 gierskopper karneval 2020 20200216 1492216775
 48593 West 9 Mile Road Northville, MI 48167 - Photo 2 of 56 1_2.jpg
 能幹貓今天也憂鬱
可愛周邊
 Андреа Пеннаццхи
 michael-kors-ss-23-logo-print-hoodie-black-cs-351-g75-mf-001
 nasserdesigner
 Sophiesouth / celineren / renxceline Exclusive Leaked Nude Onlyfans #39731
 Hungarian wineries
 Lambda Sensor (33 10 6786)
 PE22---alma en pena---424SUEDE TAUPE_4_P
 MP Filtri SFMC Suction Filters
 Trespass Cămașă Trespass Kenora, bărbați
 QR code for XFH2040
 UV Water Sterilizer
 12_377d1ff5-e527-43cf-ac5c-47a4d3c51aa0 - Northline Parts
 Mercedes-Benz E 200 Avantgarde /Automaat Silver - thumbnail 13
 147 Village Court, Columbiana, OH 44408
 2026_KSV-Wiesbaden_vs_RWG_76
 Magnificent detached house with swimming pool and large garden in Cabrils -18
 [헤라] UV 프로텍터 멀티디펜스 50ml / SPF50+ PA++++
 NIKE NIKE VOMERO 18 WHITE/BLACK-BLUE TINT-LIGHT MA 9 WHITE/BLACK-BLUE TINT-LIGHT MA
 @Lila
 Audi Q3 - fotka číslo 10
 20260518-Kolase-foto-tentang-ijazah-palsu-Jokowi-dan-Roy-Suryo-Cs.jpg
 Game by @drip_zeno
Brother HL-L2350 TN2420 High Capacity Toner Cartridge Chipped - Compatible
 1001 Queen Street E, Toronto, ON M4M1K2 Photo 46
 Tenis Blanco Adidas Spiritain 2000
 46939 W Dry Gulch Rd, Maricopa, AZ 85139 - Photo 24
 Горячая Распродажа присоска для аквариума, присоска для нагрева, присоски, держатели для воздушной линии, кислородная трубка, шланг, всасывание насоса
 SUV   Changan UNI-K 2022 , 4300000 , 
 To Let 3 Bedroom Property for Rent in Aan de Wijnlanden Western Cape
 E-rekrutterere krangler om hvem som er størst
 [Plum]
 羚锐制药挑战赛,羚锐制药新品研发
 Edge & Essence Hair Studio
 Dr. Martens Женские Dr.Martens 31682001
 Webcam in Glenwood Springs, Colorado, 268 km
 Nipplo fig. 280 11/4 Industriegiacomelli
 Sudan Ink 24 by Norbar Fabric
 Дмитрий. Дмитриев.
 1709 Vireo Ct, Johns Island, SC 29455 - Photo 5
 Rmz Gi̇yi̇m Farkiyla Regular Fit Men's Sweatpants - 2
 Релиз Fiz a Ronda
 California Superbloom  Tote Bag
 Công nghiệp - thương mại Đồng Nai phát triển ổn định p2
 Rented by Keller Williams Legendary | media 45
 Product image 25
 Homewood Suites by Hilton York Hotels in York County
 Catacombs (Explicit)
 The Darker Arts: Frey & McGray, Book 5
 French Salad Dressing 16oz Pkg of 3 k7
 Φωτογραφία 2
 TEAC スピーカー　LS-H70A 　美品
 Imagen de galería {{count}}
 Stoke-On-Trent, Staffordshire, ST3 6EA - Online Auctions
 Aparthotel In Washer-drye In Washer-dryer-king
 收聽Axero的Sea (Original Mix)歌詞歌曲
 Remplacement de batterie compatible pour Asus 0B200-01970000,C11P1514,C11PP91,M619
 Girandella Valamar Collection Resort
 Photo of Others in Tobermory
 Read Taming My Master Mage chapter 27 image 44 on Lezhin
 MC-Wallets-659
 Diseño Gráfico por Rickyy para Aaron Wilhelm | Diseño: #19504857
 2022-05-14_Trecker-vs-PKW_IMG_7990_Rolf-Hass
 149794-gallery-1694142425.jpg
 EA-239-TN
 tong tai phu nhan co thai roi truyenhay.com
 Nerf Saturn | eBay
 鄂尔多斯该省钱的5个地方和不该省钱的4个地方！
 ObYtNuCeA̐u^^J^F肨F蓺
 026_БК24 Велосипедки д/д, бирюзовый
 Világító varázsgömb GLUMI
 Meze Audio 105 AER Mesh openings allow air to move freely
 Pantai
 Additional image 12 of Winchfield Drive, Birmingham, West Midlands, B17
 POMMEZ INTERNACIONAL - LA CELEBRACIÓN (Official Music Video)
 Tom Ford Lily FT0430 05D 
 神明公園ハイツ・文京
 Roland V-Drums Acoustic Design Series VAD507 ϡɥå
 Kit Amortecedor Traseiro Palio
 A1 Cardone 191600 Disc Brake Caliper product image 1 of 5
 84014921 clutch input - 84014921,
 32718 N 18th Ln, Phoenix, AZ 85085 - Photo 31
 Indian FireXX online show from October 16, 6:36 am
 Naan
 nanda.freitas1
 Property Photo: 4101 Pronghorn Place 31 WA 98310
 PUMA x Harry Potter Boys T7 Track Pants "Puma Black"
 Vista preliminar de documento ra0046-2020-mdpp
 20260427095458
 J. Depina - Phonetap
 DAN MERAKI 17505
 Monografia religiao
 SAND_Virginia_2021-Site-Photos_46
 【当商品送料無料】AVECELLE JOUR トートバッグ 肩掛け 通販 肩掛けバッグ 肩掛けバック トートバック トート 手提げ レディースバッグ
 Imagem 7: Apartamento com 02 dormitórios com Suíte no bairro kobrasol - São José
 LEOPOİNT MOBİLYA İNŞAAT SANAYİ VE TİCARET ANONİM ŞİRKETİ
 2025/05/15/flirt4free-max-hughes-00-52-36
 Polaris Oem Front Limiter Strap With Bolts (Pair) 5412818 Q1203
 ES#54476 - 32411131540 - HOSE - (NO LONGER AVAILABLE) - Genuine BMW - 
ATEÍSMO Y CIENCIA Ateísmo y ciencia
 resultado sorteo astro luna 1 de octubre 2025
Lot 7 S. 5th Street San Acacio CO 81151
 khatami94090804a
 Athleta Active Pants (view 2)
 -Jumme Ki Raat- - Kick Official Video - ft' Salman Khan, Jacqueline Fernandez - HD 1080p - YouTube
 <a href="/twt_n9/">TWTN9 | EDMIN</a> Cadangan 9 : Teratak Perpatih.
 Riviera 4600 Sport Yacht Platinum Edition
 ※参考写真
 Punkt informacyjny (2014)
------------------------------------------------------------
◆ Work order
In the material above, show every line where the word "Property" turns up.

◆ Exercise output
 To Let 3 Bedroom Property for Rent in Aan de Wijnlanden Western Cape
 Property Photo: 4101 Pronghorn Place 31 WA 98310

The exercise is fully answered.